Barneveld is geen plaats die uitnodigt om te wandelen. Daarvoor heeft het landschap te zeer geleden onder de groei van de bevolking en de economie. Ooit was het omgeven door bos, maar tegenwoordig vormt de groene oase om kasteel de Schaffelaar het laatste, door paden doorkruiste wandelgebiedje. Net genoeg voor een ommetje op zondagmiddag. Even ten noorden daarvan stroomt de Esvelderbeek. Meteen aan de overkant, in het verdwenen landschap waar tot in de jaren negentig van de vorige eeuw de bevindelijke schrijver Jacobus Overeem woonde –  door Martin Ros ooit ‘het hart van de Veluwe’ genoemd – ligt het foeilelijke bedrijventerrein Harselaar. Op de plek van Overeems verwoeste boekenparadijs is de laatste decennia – bijna als een Bijbelse plaag – een afvalberg uit het landschap opgerezen. Een mooi gegeven om te dienen als literair uitgangspunt voor een roman.

In Stephan Enters laatste roman Pastorale dient daarentegen het landschap van veertig jaar geleden als decor. Voor de gelegenheid heeft de schrijver het dorp waarin hij zelf opgroeide en zijn geloof verloor omgedoopt: ‘Brevendal [een anagram] lag midden in Nederland als een onslijtbare zwerfsteen die door zich terugtrekkende eeuwen aan de moderne tijd was nagelaten.

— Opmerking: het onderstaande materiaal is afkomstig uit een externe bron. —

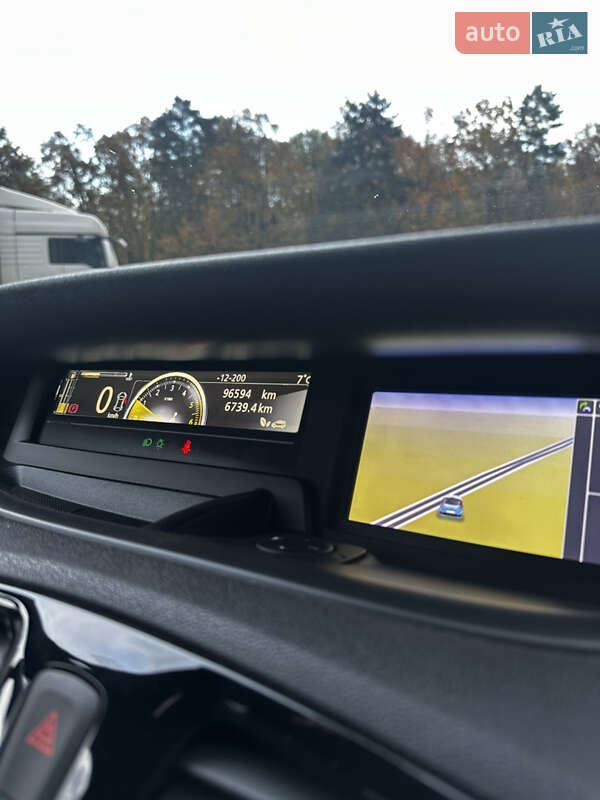 Минивэн Renault Scenic 2012 в Ровно фото 22 Минивэн Renault Scenic 2012 в Ровно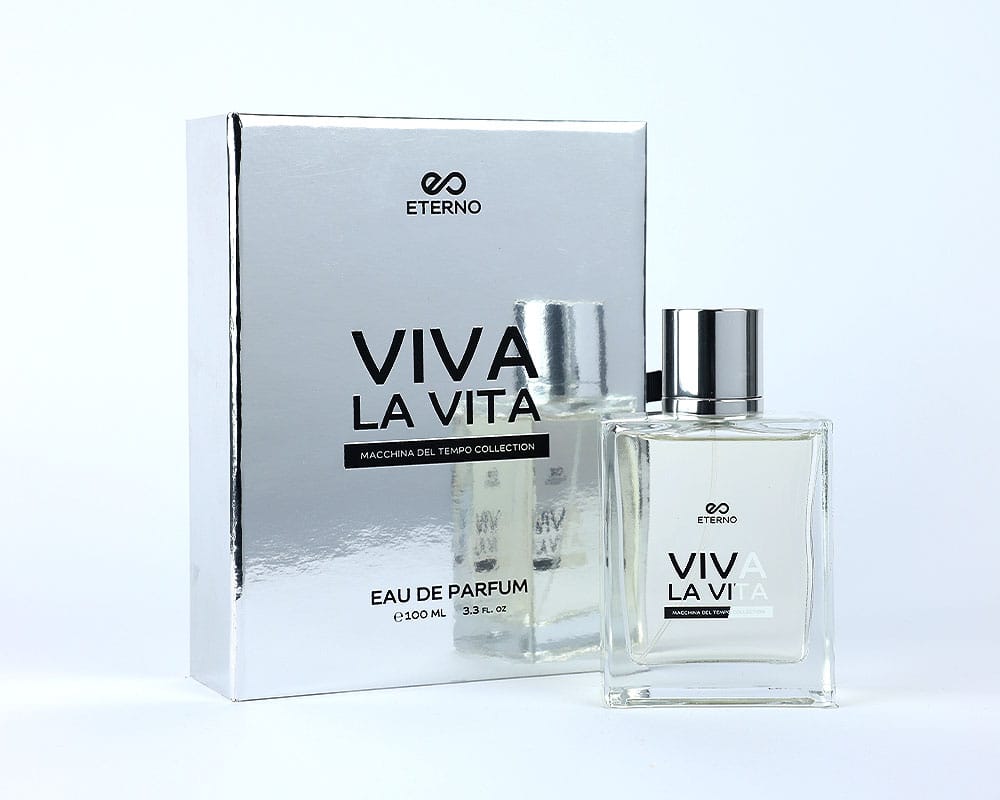 Present Collection Viva La Vita EDP 100ML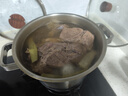 天譜樂食 澳洲安格斯M3牛腱肉凈重2斤 生鮮牛肉 谷飼喂養(yǎng) 燉煮食材鹵牛腱 曬單實拍圖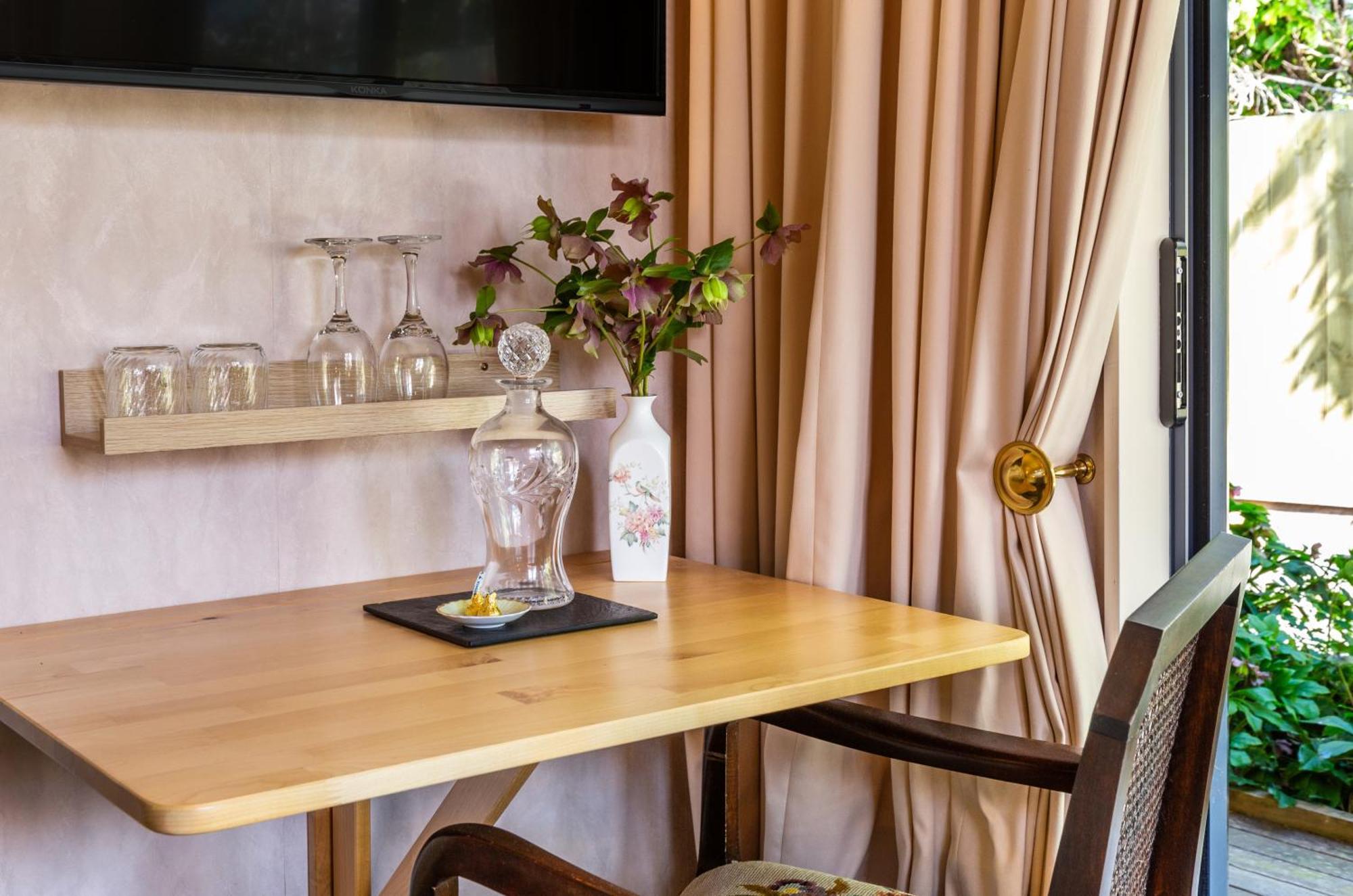 Olive Rabbit - Boutique Bed & Breakfast Turangi Luaran gambar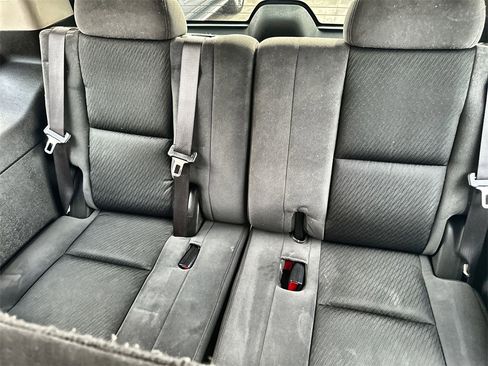 Used 2009 Chevrolet Tahoe LT image 18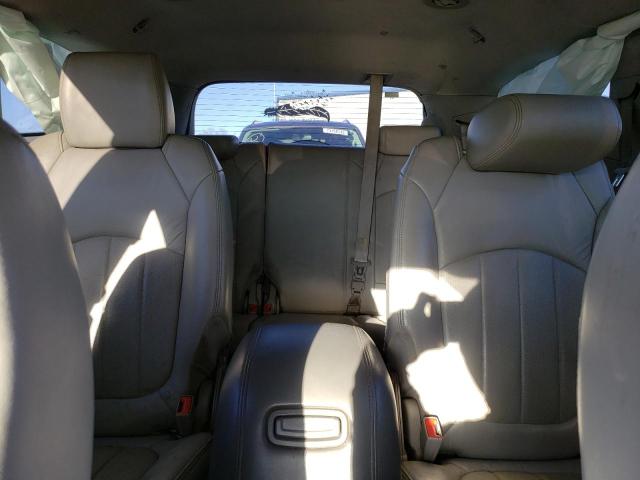 Photo 10 from auction – 2011 BUICK ENCLAVE CX with VIN 5GAKRBED8BJ131813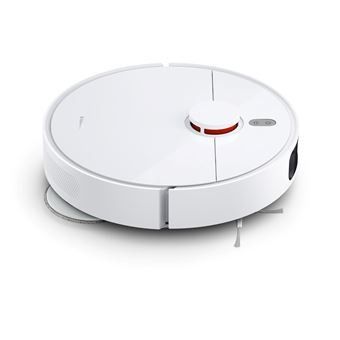 Aspirateur robot Xiaomi s10 La première photo est non contra…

Amsterdam en het God- en normloze westen waren al lang niet meer een paar dagreizen ver maar toch was een aanzienlijk deel van de Brevendallers er nooit geweest.’

Het boek maakt mij natuurlijk nieuwsgierig naar de plekken waar feit en fictie elkaar raken. Een aantal namen is eenvoudig te herleiden. Zo heet het Fontanuscollege bij Enter het Voetius College, Jan van Schaffelaar heeft plaats gemaakt voor Johannes van Hackfort, de Koewei gaat als Schapenwei door het leven en de schrijver laat de Esvelderbeek als een riviertje door zijn roman stromen. Bij tijd en wijle doet Pastorale denken aan een plattelandsidylle, zij het kortstondig en met name vanuit het perspectief van Louise als zij zich door de domineeszoon in een bootje laat meevoeren: ‘Ze zag de rusteloze reflecties van het wateroppervlak tegen de onderkant van het gebladerte van een grote kastanje. Die stokoude wilg daar, precies in een bocht, was een bekende […]. Nu dreven ze de warrelende schaduw binnen van een rij populieren, die zelfs bij het geringste zuchtje wind leefden met al hun bladeren.’ In het Brevendal van Enter draait het echter vooral om de stijve gereformeerden en de exotische Molukkers die langs elkaar heen leven. Uiteindelijk handelt Pastorale over geworteld zijn en wat te doen als die wortels rot blijken. En over de vraag waar je je woede laat als je, door het land dat je hebt gediend, wordt weggestopt in een voormalig concentratiekamp. Maar ook gaat het over de eerste, onhandige verliefdheid, zoals die van Oscar. Ofschoon Enter geen autobiografische roman schreef, liggen zijn jeugdherinneringen er wel aan ten grondslag. Zo beschrijft hij enkele gebeurtenissen uit de tijd dat de natuur rondom het dorp nog mooi was en hij er, net als Oscar, een spel speelde met stokjes die wegdreven op het water van de beek. Uit die tijd stamt ook zijn herinnering aan de Molukse wijk waar je altijd gekruide etensgeuren rook, waar een volstrekt andere taal werd gesproken dan de tale Kanaäns, en waar de tuintjes niet zo strak aangeharkt waren als in de stijve rest van het dorp.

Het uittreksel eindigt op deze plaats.